The second is the fashionable, albeit qualified claim, that Einstein may have been dyslexic. This is highly unlikely and the “facts” often trotted out to support it aren’t true. Einstein wasn’t a dunce at school. He was never a dunce by any stretch of the imagination. Multiple biographers have noted that his failure to pass his college exams were more likely to do with an unwillingness to submit to the will of his domineering father than a learning disability. Stubbornness being a hallmark of his life according to all of the many biographies and his own letters. An industry of Learning Disability coaching has sprung up on the back of exaggerated and incorrect claims that Einstein and Leonardo da Vinci were almost certainly dyslexic. Indeed the previous link is amusing in that their basing the efficacy of their product on the contrary. Marlin Thomas of Iona college, New Rochelle, NY has an excellent presentation on the topic available here. It’s worth reading in that it identifies the difficulties with any of these retrospective diagnoses while specifically dealing with the infamous “Einstein was dyslexic” diagnosis that litters the intertubes like so much other garbage. Just google it and you’ll find the claim used in many contexts; some innocent, some objectively commercial.
Now, I’m often irked. There’s no doubt about it. I exist in a state of irkdom 🙂 However, I don’t think it’s reasonable for dyslexics or any other group to claim association with any great intellectual figure based on flimsy or misleading interpretations of historical information or outright lies. It’s very fashionable to do so right now. For example, is Newton’s science defined by the possibility that he was gay? Given the documentary evidence of his obsessive and intense nature, social awkwardness, perhaps he was a high functioning autistic, or both. If proven, it would certainly be annoying for bible-thumping homophobes (always a good outcome) but is it worth bending facts to make the connection? Based on our current historical evidence it’s exciting conjecture but just that.
In Einstein’s case, the dyslexia claim gives another human element to the story of one of science’s deepest thinkers who made a lateral leap so bold and ingenious that it forced a reexamination of our understanding of the organisation of the universe . Time’s Person of the 20th Century has come to embody our understanding of genius. Who wouldn’t want this heritage? We all want to believe we have that spark within us and perhaps we do. Yet by focusing on misleading claims of dyslexia, we miss the struggles of the man’s life and his foibles that made him very human indeed.

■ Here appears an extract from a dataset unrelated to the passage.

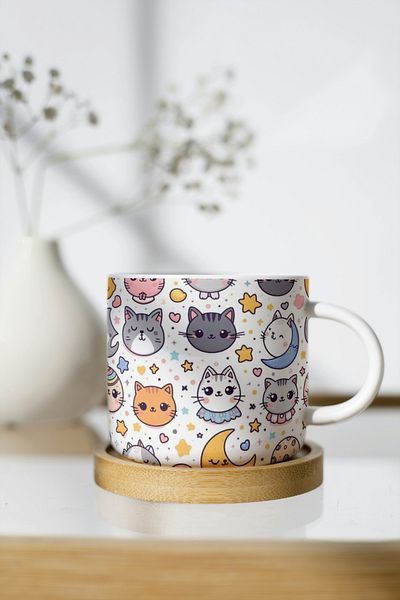 EYBaskı Tasarım White Porcelain Patterned Nescafe Cup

I must confess to being a stutterer. It was severe when I was younger. I’m still nervous about it and anxious about public speaking as a result. The thing I fear the most during a presentation is my mind going into some kind of stutter loop where I focus on a sentence that I just can’t get out. This rarely happens as I’ve gotten older. I notice that Newton is on the list of stutterers too. Looking at the list there’s no obvious correlation between stuttering and an interest in physics as, if there was, the list would have more physicists & engineers. Either way I’m glad the cure of “hitting a stutterer in the face when the weather is cloudy” has gone out of fashion. It was popular up until the late 80s in my school.
I’m not dismissing the need for real neurological research to understand these phenomena and how they affect our perspectives on the world. Cargo-cult science of genius by association doesn’t further this research or our understanding one bit.